As frentes de atuação, contudo, são diferentes. Canal diz que se empenha em aprovar ainda neste ano o processo judicial que abstém os cintas-largas de se submeterem à aprovação do Congresso para “a exploração exclusiva por eles [índios] de todas as riquezas do subsolo e potenciais energéticos”.

“Não apoiamos nenhuma das iniciativas legislativas, pois nenhum dos projetos que tramitam no Congresso atende aos interesses dos indígenas. Todos são de interesse das grandes mineradoras.”

Já Belmonte dedica-se a obter para o cintas-largas a permissão para a legalização do garimpo, faiscação e cata –procedimentos de exploração do solo na superfície.

“A proposta é dar meios legais para eles trabalharem. O dinheiro seria todo da comunidade por vias legais: eles fazem o garimpo, negociam o diamante, e a cooperativa administra.
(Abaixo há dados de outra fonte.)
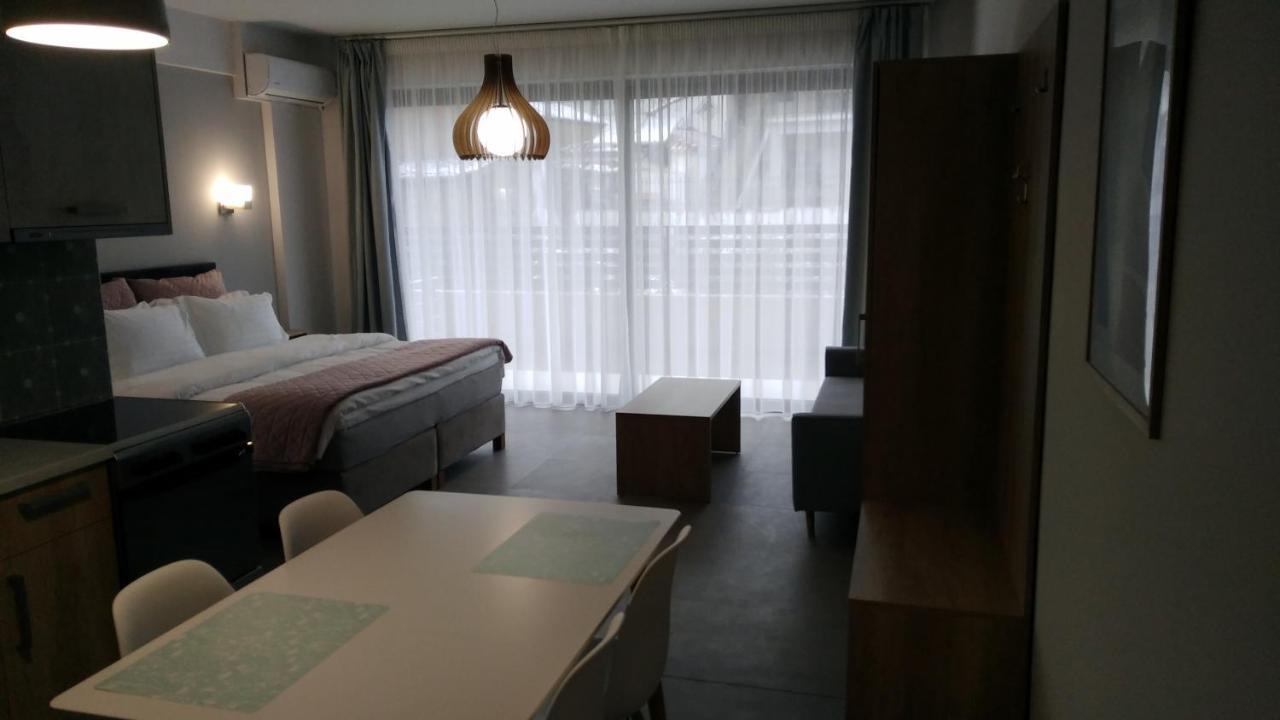 Psammites Leilighet Kalampáka Eksteriør bilde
O Estatuto do Índio permite isso”, afirma. “O problema é abrir para o garimpeiro entrar e explorar atividades ilegais”, diz.
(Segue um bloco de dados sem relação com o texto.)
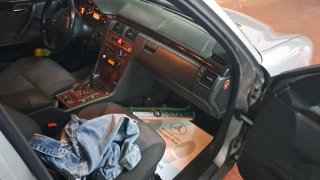 Mercedes-Benz Clase E 2001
Os dois advogados afirmam não manter relação com o garimpo ilegal e mineradoras.

Uma fonte do governo federal diz que a legalização do garimpo na Roosevelt é parte de um lobby internacional que vem da Antuérpia, na Bélgica (país responsável pela negociação de 80% dos diamantes brutos e de 50% dos diamantes lapidados do mundo), cujos investidores querem direcionar seu dinheiro para países com democracia e economia estáveis.

Em conflito com o Estado, sem verbas e com a cultura deteriorada, os cintas-largas seguem dependentes do garimpo, seja clandestino como hoje, seja legalizado por homens de terno em Brasília.